Disposto dell’art. 2086 del Codice Civile
“L’imprenditore è il capo dell’impresa e da lui dipendono gerarchicamente i suoi collaboratori. L’imprenditore, che opera in forma societaria o collettiva, ha il dovere di istituire un assetto organizzativo, amministrativo e contabile adeguato alla natura ed alle dimensioni dell’impresa, anche in funzione della rilevazione tempestiva della crisi dell’impresa e della perdita della continuità aziendale, nonché di attivarsi senza indugio per l’adozione e l’attuazione di uno degli strumenti previsti dall’ordinamento per il superamento della crisi e il recupero della continuità aziendale”.

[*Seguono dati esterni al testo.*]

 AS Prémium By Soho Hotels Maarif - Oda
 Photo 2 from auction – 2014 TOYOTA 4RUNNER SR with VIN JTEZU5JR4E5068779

Tale definizione chiarisce che tra il datore di lavoro ed i suoi dipendenti si instaura un rapporto di subordinazione, ma in capo al primo soggetto menzionato subentra l’obbligo di istituire una struttura che sia direttamente proporzionata alle dimensioni dell’azienda di cui egli è a capo e, prudenzialmente, anche di fare in modo che essa possa resistere alle situazioni di difficoltà.
Quest’ultimo aspetto si propone di rafforzare ulteriormente la salvaguardia del patrimonio aziendale e la tutela dei creditori, e su questi due pilastri il legislatore ha inteso garantire prevalentemente l’archetipo su cui si reggono le disposizioni civilistiche in tema di diritto societario e di redazione del bilancio di esercizio.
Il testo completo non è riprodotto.